* _Supplied material_:
#####
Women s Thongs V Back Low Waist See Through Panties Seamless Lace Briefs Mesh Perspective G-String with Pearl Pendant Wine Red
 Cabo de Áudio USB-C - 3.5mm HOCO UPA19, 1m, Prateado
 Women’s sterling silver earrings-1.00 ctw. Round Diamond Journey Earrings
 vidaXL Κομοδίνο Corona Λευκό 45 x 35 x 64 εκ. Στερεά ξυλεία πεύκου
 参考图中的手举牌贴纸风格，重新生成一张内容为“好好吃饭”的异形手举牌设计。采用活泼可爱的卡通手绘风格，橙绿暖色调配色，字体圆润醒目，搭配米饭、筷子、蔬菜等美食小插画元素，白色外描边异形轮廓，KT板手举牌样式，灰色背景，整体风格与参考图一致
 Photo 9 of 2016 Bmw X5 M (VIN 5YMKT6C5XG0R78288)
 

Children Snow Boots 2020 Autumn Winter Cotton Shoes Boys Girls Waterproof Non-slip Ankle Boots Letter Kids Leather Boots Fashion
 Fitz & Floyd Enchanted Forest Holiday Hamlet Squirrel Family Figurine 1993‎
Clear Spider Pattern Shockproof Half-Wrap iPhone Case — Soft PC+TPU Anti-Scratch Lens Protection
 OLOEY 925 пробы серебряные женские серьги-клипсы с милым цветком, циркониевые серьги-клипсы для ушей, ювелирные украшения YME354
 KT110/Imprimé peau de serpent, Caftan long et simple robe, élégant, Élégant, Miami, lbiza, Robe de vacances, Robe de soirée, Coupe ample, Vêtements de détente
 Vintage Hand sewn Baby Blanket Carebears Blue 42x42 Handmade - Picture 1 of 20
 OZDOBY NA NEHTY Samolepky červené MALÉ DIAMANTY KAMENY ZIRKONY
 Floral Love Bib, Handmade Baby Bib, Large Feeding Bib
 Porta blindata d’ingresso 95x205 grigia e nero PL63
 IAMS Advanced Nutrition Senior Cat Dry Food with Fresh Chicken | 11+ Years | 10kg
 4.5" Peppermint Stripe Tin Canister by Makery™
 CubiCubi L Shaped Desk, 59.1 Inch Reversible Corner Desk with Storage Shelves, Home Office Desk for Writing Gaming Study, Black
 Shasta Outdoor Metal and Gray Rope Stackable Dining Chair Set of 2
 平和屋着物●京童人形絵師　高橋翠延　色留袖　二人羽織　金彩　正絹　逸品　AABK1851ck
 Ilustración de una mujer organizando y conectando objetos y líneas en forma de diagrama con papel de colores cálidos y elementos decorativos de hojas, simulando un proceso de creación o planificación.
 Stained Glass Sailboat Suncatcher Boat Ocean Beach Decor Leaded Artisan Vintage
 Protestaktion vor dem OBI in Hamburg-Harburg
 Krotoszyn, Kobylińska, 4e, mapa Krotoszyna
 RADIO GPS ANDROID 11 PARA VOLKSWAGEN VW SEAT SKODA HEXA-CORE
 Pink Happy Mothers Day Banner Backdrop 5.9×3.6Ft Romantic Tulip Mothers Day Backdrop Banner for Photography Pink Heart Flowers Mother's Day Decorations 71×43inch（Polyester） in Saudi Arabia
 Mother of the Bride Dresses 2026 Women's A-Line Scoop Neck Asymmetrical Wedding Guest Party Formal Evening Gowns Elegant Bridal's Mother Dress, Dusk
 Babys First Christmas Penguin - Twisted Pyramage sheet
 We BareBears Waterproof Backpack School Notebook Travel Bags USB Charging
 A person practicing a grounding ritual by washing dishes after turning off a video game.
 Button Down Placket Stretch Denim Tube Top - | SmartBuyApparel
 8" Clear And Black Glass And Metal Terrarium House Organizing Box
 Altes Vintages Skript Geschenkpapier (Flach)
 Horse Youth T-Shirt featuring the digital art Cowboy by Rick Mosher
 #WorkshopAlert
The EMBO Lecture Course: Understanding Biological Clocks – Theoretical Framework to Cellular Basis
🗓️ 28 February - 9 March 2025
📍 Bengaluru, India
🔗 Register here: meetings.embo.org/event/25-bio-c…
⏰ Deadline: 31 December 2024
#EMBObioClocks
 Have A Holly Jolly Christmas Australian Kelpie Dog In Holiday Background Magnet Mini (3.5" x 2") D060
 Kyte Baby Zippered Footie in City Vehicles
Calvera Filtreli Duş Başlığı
#####
Each record, exactly as written, is to be printed again.

Women s Thongs V Back Low Waist See Through Panties Seamless Lace Briefs Mesh Perspective G-String with Pearl Pendant Wine Red
 Cabo de Áudio USB-C - 3.5mm HOCO UPA19, 1m, Prateado
 Women’s sterling silver earrings-1.00 ctw. Round Diamond Journey Earrings
 vidaXL Κομοδίνο Corona Λευκό 45 x 35 x 64 εκ. Στερεά ξυλεία πεύκου
 参考图中的手举牌贴纸风格，重新生成一张内容为“好好吃饭”的异形手举牌设计。采用活泼可爱的卡通手绘风格，橙绿暖色调配色，字体圆润醒目，搭配米饭、筷子、蔬菜等美食小插画元素，白色外描边异形轮廓，KT板手举牌样式，灰色背景，整体风格与参考图一致
 Photo 9 of 2016 Bmw X5 M (VIN 5YMKT6C5XG0R78288)
 

Children Snow Boots 2020 Autumn Winter Cotton Shoes Boys Girls Waterproof Non-slip Ankle Boots Letter Kids Leather Boots Fashion
 Fitz & Floyd Enchanted Forest Holiday Hamlet Squirrel Family Figurine 1993‎
Clear Spider Pattern Shockproof Half-Wrap iPhone Case — Soft PC+TPU Anti-Scratch Lens Protection
 OLOEY 925 пробы серебряные женские серьги-клипсы с милым цветком, циркониевые серьги-клипсы для ушей, ювелирные украшения YME354
 KT110/Imprimé peau de serpent, Caftan long et simple robe, élégant, Élégant, Miami, lbiza, Robe de vacances, Robe de soirée, Coupe ample, Vêtements de détente
 Vintage Hand sewn Baby Blanket Carebears Blue 42x42 Handmade - Picture 1 of 20
 OZDOBY NA NEHTY Samolepky červené MALÉ DIAMANTY KAMENY ZIRKONY
 Floral Love Bib, Handmade Baby Bib, Large Feeding Bib
 Porta blindata d’ingresso 95x205 grigia e nero PL63
 IAMS Advanced Nutrition Senior Cat Dry Food with Fresh Chicken | 11+ Years | 10kg
 4.5" Peppermint Stripe Tin Canister by Makery™
 CubiCubi L Shaped Desk, 59.1 Inch Reversible Corner Desk with Storage Shelves, Home Office Desk for Writing Gaming Study, Black
 Shasta Outdoor Metal and Gray Rope Stackable Dining Chair Set of 2
 平和屋着物●京童人形絵師　高橋翠延　色留袖　二人羽織　金彩　正絹　逸品　AABK1851ck
 Ilustración de una mujer organizando y conectando objetos y líneas en forma de diagrama con papel de colores cálidos y elementos decorativos de hojas, simulando un proceso de creación o planificación.
 Stained Glass Sailboat Suncatcher Boat Ocean Beach Decor Leaded Artisan Vintage
 Protestaktion vor dem OBI in Hamburg-Harburg
 Krotoszyn, Kobylińska, 4e, mapa Krotoszyna
 RADIO GPS ANDROID 11 PARA VOLKSWAGEN VW SEAT SKODA HEXA-CORE
 Pink Happy Mothers Day Banner Backdrop 5.9×3.6Ft Romantic Tulip Mothers Day Backdrop Banner for Photography Pink Heart Flowers Mother's Day Decorations 71×43inch（Polyester） in Saudi Arabia
 Mother of the Bride Dresses 2026 Women's A-Line Scoop Neck Asymmetrical Wedding Guest Party Formal Evening Gowns Elegant Bridal's Mother Dress, Dusk
 Babys First Christmas Penguin - Twisted Pyramage sheet
 We BareBears Waterproof Backpack School Notebook Travel Bags USB Charging
 A person practicing a grounding ritual by washing dishes after turning off a video game.
 Button Down Placket Stretch Denim Tube Top - | SmartBuyApparel
 8" Clear And Black Glass And Metal Terrarium House Organizing Box
 Altes Vintages Skript Geschenkpapier (Flach)
 Horse Youth T-Shirt featuring the digital art Cowboy by Rick Mosher
 #WorkshopAlert
The EMBO Lecture Course: Understanding Biological Clocks – Theoretical Framework to Cellular Basis
🗓️ 28 February - 9 March 2025
📍 Bengaluru, India
🔗 Register here: meetings.embo.org/event/25-bio-c…
⏰ Deadline: 31 December 2024
#EMBObioClocks
 Have A Holly Jolly Christmas Australian Kelpie Dog In Holiday Background Magnet Mini (3.5" x 2") D060
 Kyte Baby Zippered Footie in City Vehicles
Calvera Filtreli Duş Başlığı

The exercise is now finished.